Debt ceiling deadline, as stated earlier, is the end of the day on Oct. 17, 2013. As soon as it changes to October 18, 2013, the U.S treasury will no longer have the ability to borrow money. This is just a technical definition. On that particular day, the treasury officials have suggested that there will be a reserve of only $30 Billion in cash, leaving the entire nation high and dry and with the probability of hitting rock bottom.
The fact of the matter is that the U.S. government has not been able to operate without its ability to borrow money, and of course get some share from tax payers.
When is the Default going to Happen?
Officially, the date says that it is Oct. 17. However it will take a little more than that; maybe another two weeks or so, until the default will start showing its effects on our daily routines. As a matter of fact, U.S. citizens have already felt the impact of the shutdown crisis. But they are not aware of what will happen when the government will not be able to pay its bills, whether on time or in full!
- How soon will the reserves run out?
The U.S. treasury officials alongside their barrage of expert “economists” don’t have a specific date in their mind. What they do know is that after the cash reserves will start diminishing followed by the Oct. 17 deadline, the behavior of the investors, tax rates and utility bills will go through a variation phase. On any given day, it is not known how much cash will come or go out of hand.
- And if the U.S.’ credit card is maxed out at some point later?
Given that the speculation of an ongoing shutdown deal does not go through all the way, there is going to be another deal – of course. But this latter deal will come at a huge price.
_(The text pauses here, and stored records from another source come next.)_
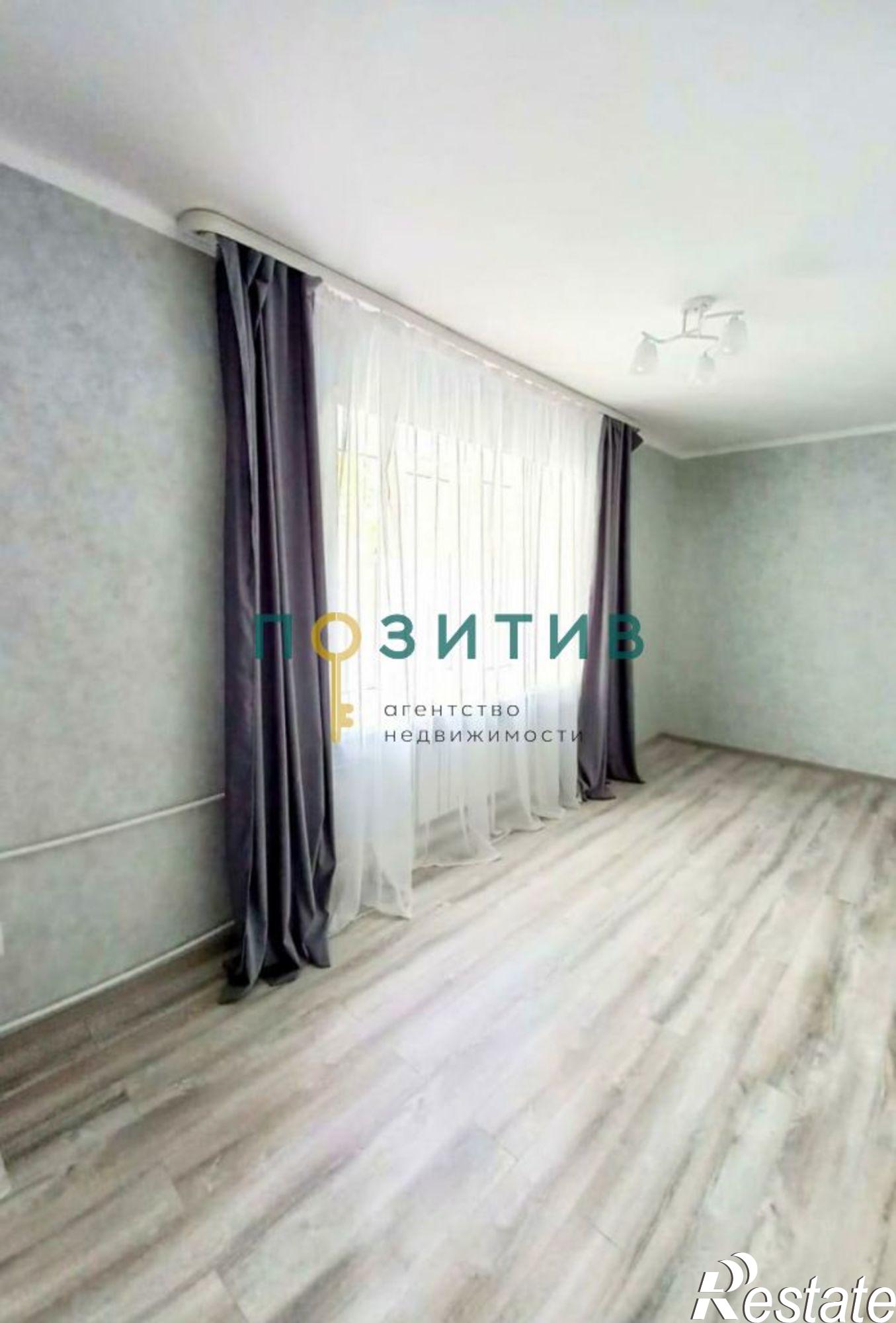 Купить квартиру за 6 600 000 рублей на 1-я Бульварная ул, 14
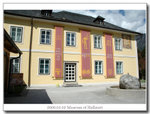 Hallstatt Museum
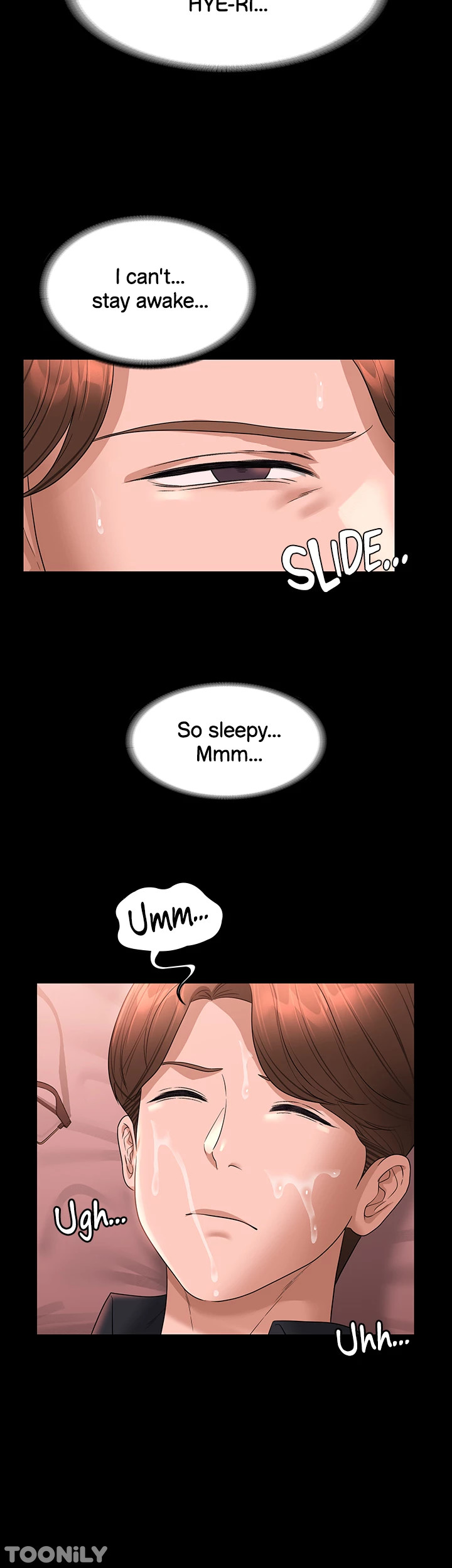 Supervisor Access chapter 62 page 27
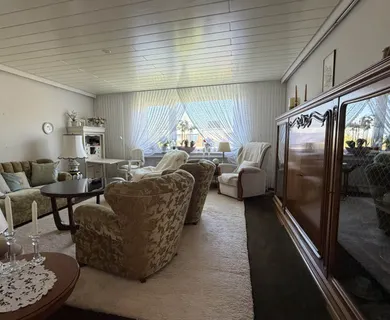 Barrierearme 3-Zimmer-Eigentumswohnung mit Loggia und Aufzug in Kempen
The nation’s credit card will be maxed out and the checking accounts of average citizens will be left with little or no amount of cash.
Mark Patterson, Former Treasury Chief of Staff says that the financial crisis is more or less like a situation where you are “driving with your car on empty, about to go into the desert and passing the last gas station. (You are thinking intentionally) I will take my chances and wait for another gas station down the road in the desert.”
Patterson adds, “You might be able to go farther, and you just might because cash does come in over the transom at Treasury, but you just don’t know how far you can make it.”
Care to know about the BIGGEST government expenditures?
In near future, the U.S. treasury will have to pay bills at a juncture sooner or later. The official due dates for following bills are appended below:
- $12 Billion to be Paid in Social Security Benefits – October 23, 2013
- $6 Billion to be Paid (with Interest) to Treasury Securities – October 31, 2013
- $58 Billion to be Paid as part of Medicare Reimbursement Schemes, Military Aid Programs and Social Security benefits + Retired Officials Pensions – November 01, 2013
Who will be affected the most after our government is left with no cash?
The government will have to make a few tough calls – and all at the cost of a common American citizen’s financials. Of course the government will be liable to pay creditors first because those payments are maintained on daily basis. People will not be seeing their checks turning in. It is expected that the government will not be playing a game of “favorites”, and one day resolve the oscillating issues.